PROBLEM REQUIREMENTS: Find the line containing "Lade das Bild" in the entries below. Restate it and each line after it, word for word, up to and including the line containing "Top of Pistachio".

DATA PROVIDED:
○ ○ ○ ○
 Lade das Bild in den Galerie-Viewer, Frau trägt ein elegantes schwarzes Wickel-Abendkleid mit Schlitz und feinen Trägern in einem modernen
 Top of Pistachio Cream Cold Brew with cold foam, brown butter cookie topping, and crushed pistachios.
○ ○ ○ ○
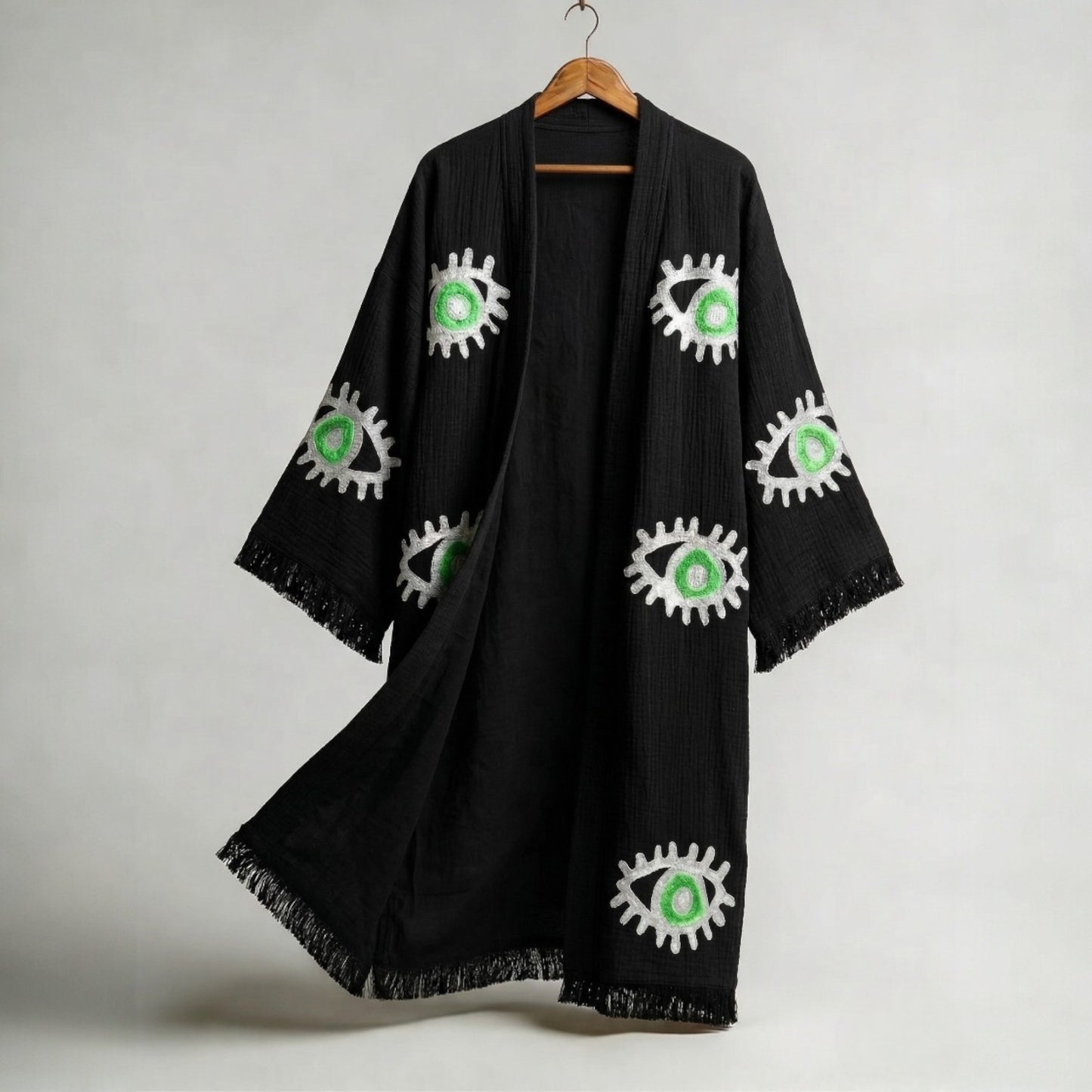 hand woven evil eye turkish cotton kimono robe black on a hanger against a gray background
○ ○ ○ ○
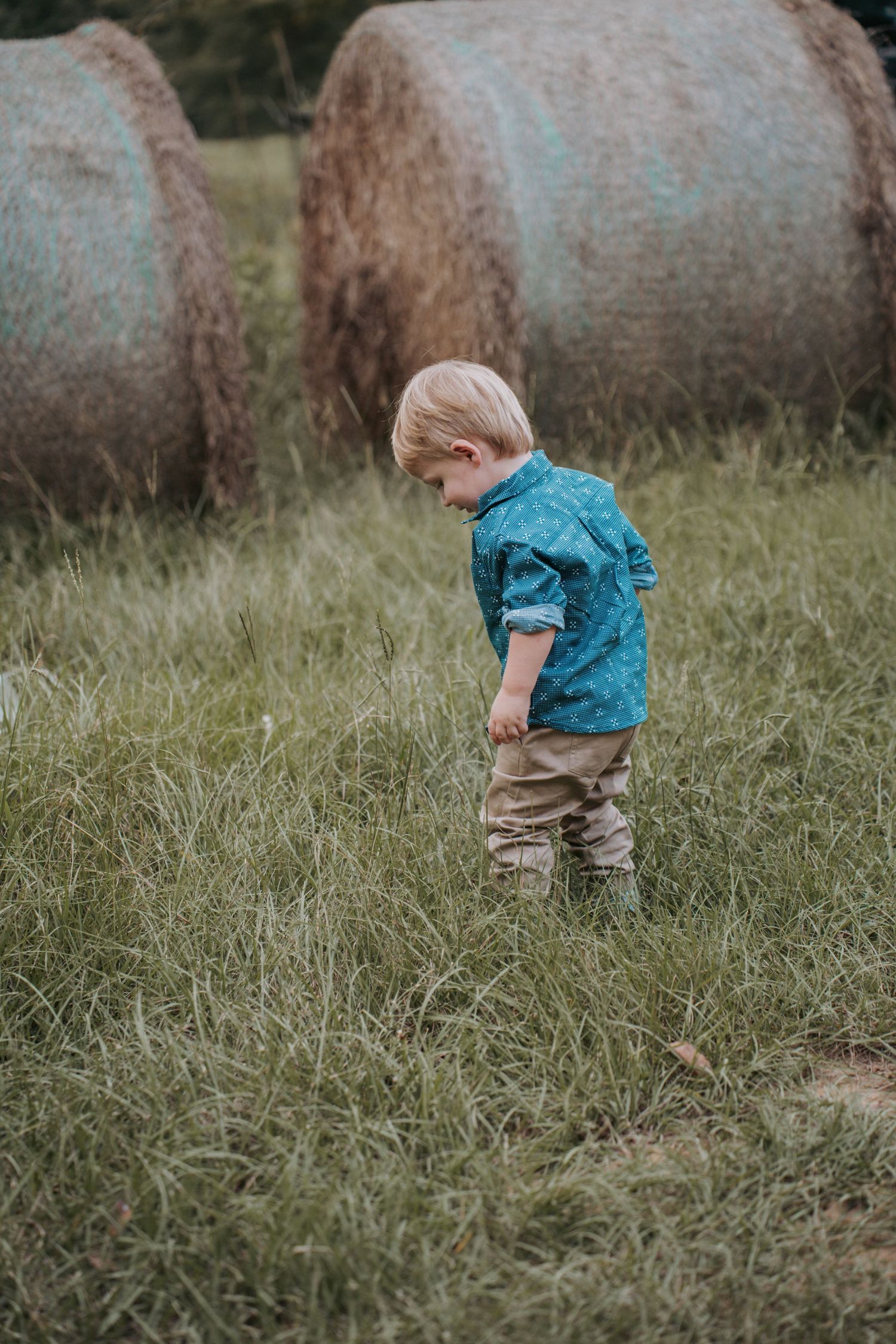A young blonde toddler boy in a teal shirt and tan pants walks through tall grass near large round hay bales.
○ ○ ○ ○
RESPONSE BELOW:
 Lade das Bild in den Galerie-Viewer, Frau trägt ein elegantes schwarzes Wickel-Abendkleid mit Schlitz und feinen Trägern in einem modernen
 Top of Pistachio Cream Cold Brew with cold foam, brown butter cookie topping, and crushed pistachios.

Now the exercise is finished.